Frontier markets have always relied on foreign loans and investments in order to kick-start growth and support the economy. Developed countries like the US have been the main investors in the past but there has been a growing trend of countries still considered “developing” becoming net investors, most notably with China and Brazil. Securing natural resources to fuel domestic growth has been the driving factor behind this investment, but there have also been other reasons for their dollar diplomacy.
In China’s case, one reason has revolved around Taiwan. While relations have warmed under the leadership of Ma Ying Jeou, Taiwan’s independence remains a sore point for China. With their economic clout and promises of investment, many countries have switched from diplomatically recognizing Taiwan to recognizing China, with Chad (2006), Costa Rica (2007), and Malawi (2008) among the most recent countries to switch. While we take no position on the One-China Policy, identifying the countries most likely to receive investment due to their change in allegiance would be beneficial to frontier market investors hoping to ride a wave of growing investment.

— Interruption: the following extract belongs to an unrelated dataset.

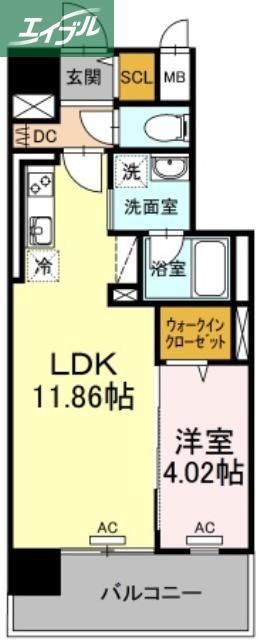 TWIN TOWERS AZUKI(1LDK/5階)の間取り写真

Out of all the countries in the world, there are just 23 countries in the world that still recognize Taiwan rather than the PRC, a list dominated by Central America. We filtered for countries that had populations above 5 million, leaving the following 8 countries:
- Burkina Faso
- Dominican Republic
- El Salvador
Countries likely to receive future Chinese investment due to their stance on Taiwan (in order of likelihood):
1. Chad, Costa Rica, and Malawi:
All three countries broke off diplomatic ties with Taiwan citing economic reasons, and China has delivered as promised. In Chad, China began drilling for oil a year after Chad switched allegiance, and began operating a jointly owned refinery in 2011, the jewel of the $1 billion Ronier project focused on building oil infrastructure. China and Costa Rica signed a Free Trade Agreement in 2010, and Costa Rica has enjoyed everything from top-notch soccer stadiums to expansions to refineries. A year after recognizing China, Malawi joined the Forum on China-Africa Cooperation (FOCAC) in 2009, a summit that meets every 3 years and has fostered bilateral trade between Africa and China. Malawi’s trade volume with China hit $100 million in 2011 (a 400% yoy increase), having already skyrocketed in 2010. China has also invested in the cotton and textiles industries, although there has recently been backlash against small-businesses run by the Chinese. The main point here is that trade increased substantially for all three countries after breaking ties with Taiwan. Also, rather than a one-time investment from China as payment for this switch, China has continued to actively invest in all three, fostering a strong economic relationship with all three.
2. Burkina Faso:
Burkina Faso immediately sticks out in the list, with all of its neighbours and most of Africa having already established formal relations with China. The country is also home to natural resources, with the bulk of its exports consisting of gold and cotton.
So why hasn’t Burkina Faso followed the lead of virtually every other country in Africa?
The main reason is that Taiwan has been active in investing in the country, keeping China at bay with its own dollar diplomacy. By most counts it seems to be working, with Ma Ying Jeou received warmly when he paid a visit to the country in April 2012. Another reason could be the political instability rampant in the nation with a history of military coups and mutiny. With all the internal conflict and disputes domestically, foreign affairs have taken a backseat.
However, it seems like only a matter of time before they switch diplomatic relations to China. Despite Taiwan’s best efforts, China has far more resources and expertise when it comes to building infrastructure in Africa. China also has the added benefit of being the biggest destination for Burkina Faso’s exports, an economic relationship that will only become more important. Also, as one of the poorest countries in the world, Burkina Faso is in no position to refuse investment on ideological grounds.
3. Dominican Republic
While the long-feared “domino effect” of Central American nations joining Costa Rica in recognizing China did not materialize, China has continued to apply pressure to holdouts in the region. While cases could be made for Belize or Panama to be next, the Dominican Republic is much larger and a more intriguing candidate for moving over to China’s side.
China has already poured money into the country, with a $462 million loan towards a tourism project in October 2010. But the most compelling statements came from tourism minister Francisco Javier Garcia, who reportedly said “We aspire sooner than later, our relations with the People’s Republic of China are complete relations and absolutas..” While almost two years have passed since then and the Vice President of Taiwan scheduled to visit the Dominican Republic today, the DR remains the most likely out of all the large Central American nations to recognize China over Taiwan.
In an effort to expand its influence and win over any holdouts still loyal to Taiwan, China has embarked on an all-out charm offensive. Countries who still recognize Taiwan are likely to be targets for capital investment, and represent good opportunities for frontier market investors looking to get in before the wave. Chad, Costa Rica, Malawi, Burkina Faso, and the Dominican Republic are our favoured markets in this situation.